§ **Task to carry out**:
Each line of the listing below must be retyped as given.
(Supplied information Opens)
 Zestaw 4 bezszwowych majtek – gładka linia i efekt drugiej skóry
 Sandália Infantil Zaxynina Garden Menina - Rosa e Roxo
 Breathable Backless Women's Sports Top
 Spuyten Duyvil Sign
(Supplied information Closes)
§ **Answer space**:
 Zestaw 4 bezszwowych majtek – gładka linia i efekt drugiej skóry
 Sandália Infantil Zaxynina Garden Menina - Rosa e Roxo
 Breathable Backless Women's Sports Top
 Spuyten Duyvil Sign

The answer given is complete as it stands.